# Norwegian: andres



## Clemica

Hei!

Is it possible to distinguish between the plural and the singular in the possessive form of andres without context?

For example in the sentence innrette seg etter andres behov, which illustrates the verb innrette seg in a dictionnary, can one tell if it's several other peoples' needs or only one other person's needs that is mentionned?

Takk!


----------



## TomTrussel

It is common to add an article to specify singular "innrette seg etter *den* andres behov" or plural "...*de* andres behov"

TT


----------



## Clemica

Takk TomTrussel! Which means that in this case it's not possible to make the difference without more context?


----------



## mosletha

"Andre" is plural, so one can tell that you mean several other peoples' needs. The singular forms are "annen" (male), "anna" (female) and "annet" (neutrum). 


Edit: ah, I neglected that "andre" is _also_ used when you say "den andre", "det andre" and "de andre" - in both plural and singular.

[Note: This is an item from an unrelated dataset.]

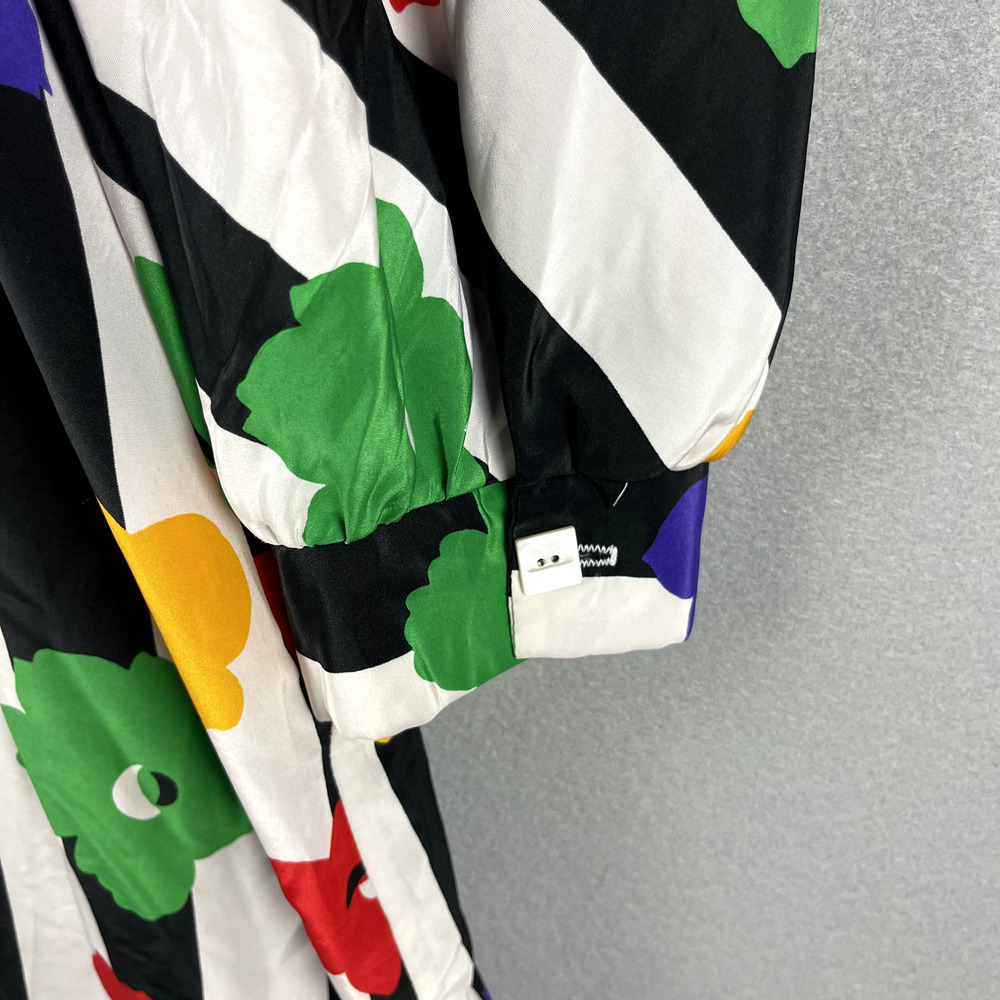 Vintage David Brown Saks Fifth Ave House Dress Womens Large Floral Stripe Artsy - Picture 5 of 16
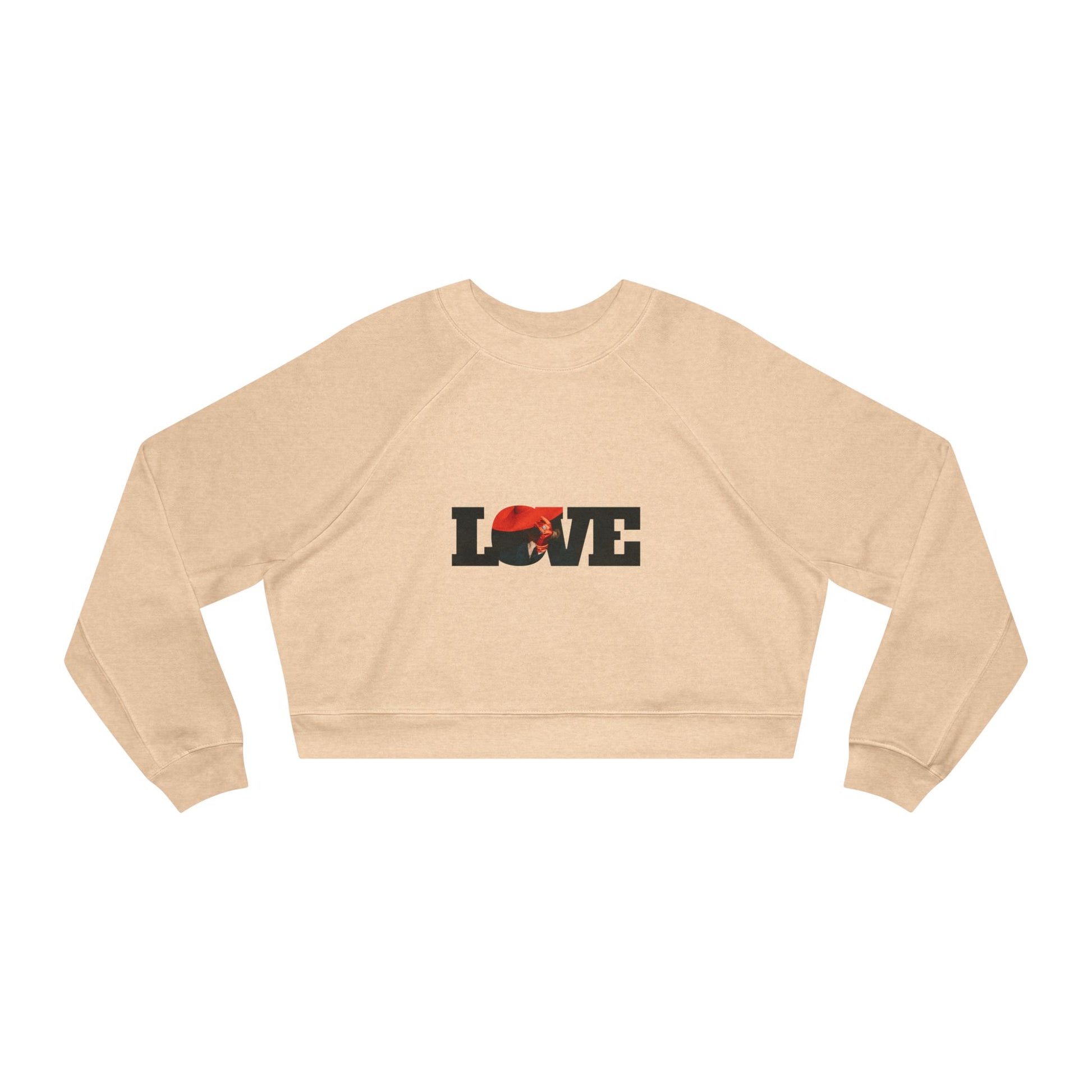 Love Graphic Women's Cropped Fleece Pullover, crop top sweatshirt, women' sweatshirt - DiRoMi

Here you do use "den andre" for male/female, "det andre" for neutrum and "de andre" for plural. 

When "andre" stands alone, though, it always means plural.


----------



## Clemica

Takk Mosletha! But _andres_ could also be a possessive definitive form of singular _annen_, not only the possessive form of plural _andre_, right? Please correct me if I'm wrong.


----------



## mosletha

Possessive is tricky in Norwegian! 

The possessive of the male form is "annens" or "annen sin". Possessive of the female form is "annas" or "anna sin" (both are seldom used). Possessive of the neutrum form is "annets" or "annet sin".


----------



## Clemica

I agree that in the indefinite form, possessive for _annen_ would be _annens_/_annen sin_, but what would be the possessive form for _den andre_ then? Could it be the same as the possessive form for _de andre_? In other words, I agree that possessive in Norwegian is tricky!


----------



## TomTrussel

Clemica said:


> Takk Mosletha! But _andres_ could also be a possessive definitive form of singular _annen_, not only the possessive form of plural _andre_, right? Please correct me if I'm wrong.



I believe mosletha is correct when he says "andre/andres" standing alone is always plural.

TT


----------



## Clemica

Mange mange takk Mosletha and TomTrussel! Always clearer when native speaker explain.


----------